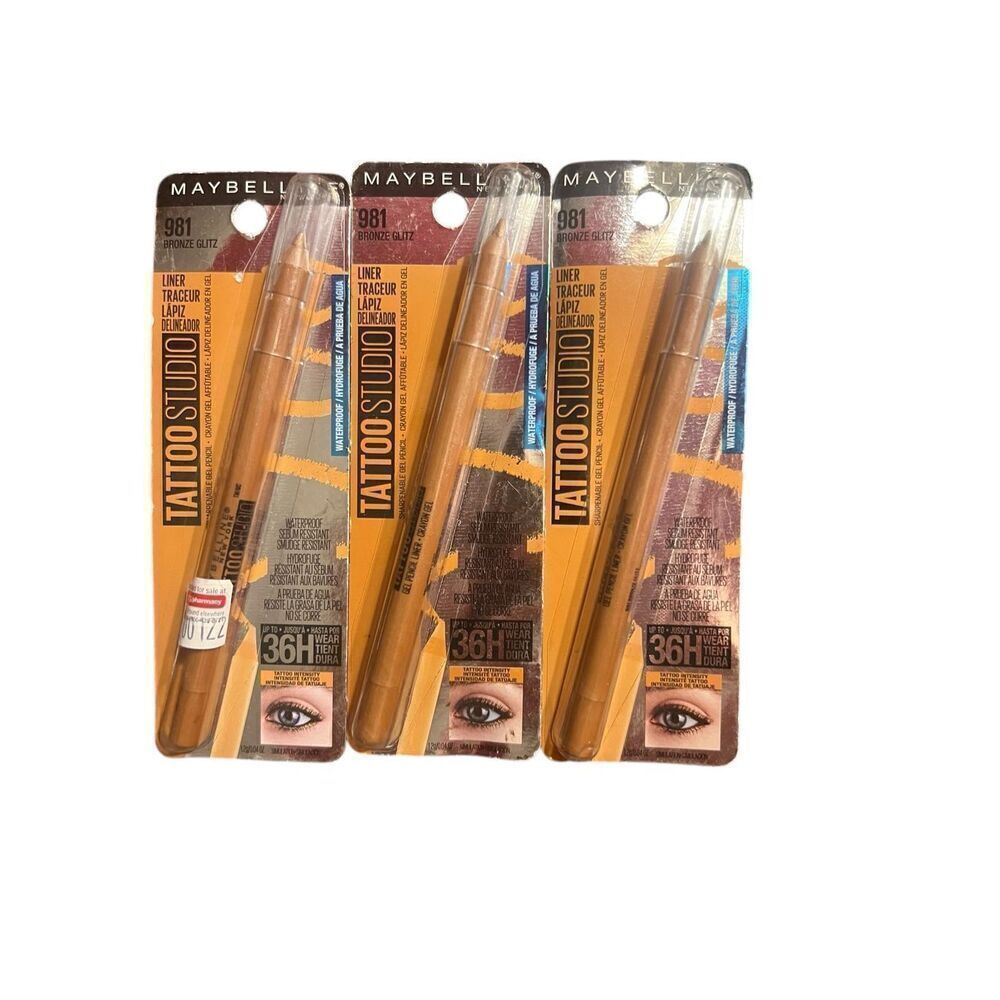 3 MAYBELLINE New York Tattoo Studio Sharpenable Eyeliner Bronze Glitz 981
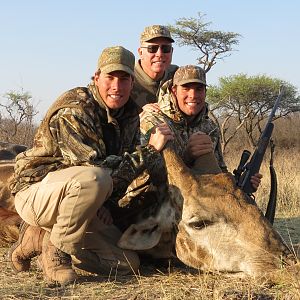 Giraffe hunted with Ozondjahe Hunting Safaris in Namibia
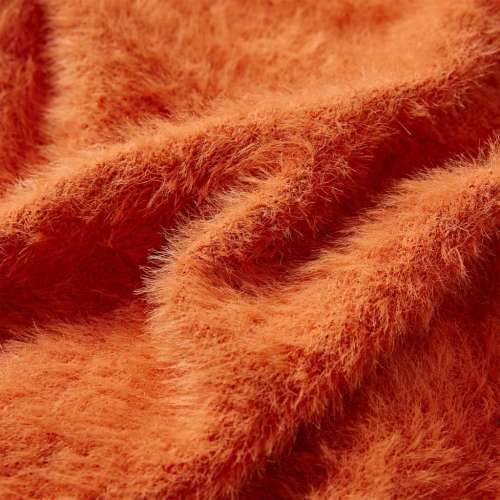 Dječji džemper pleteni tamnonarančasti 116 - orange 116 (5 – 6 godina) Cijena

Problem → Copy every line of the data exactly as written, excluding the pictures.

Exercise output →
 3 MAYBELLINE New York Tattoo Studio Sharpenable Eyeliner Bronze Glitz 981
 Giraffe hunted with Ozondjahe Hunting Safaris in Namibia
 Dječji džemper pleteni tamnonarančasti 116 - orange 116 (5 – 6 godina) Cijena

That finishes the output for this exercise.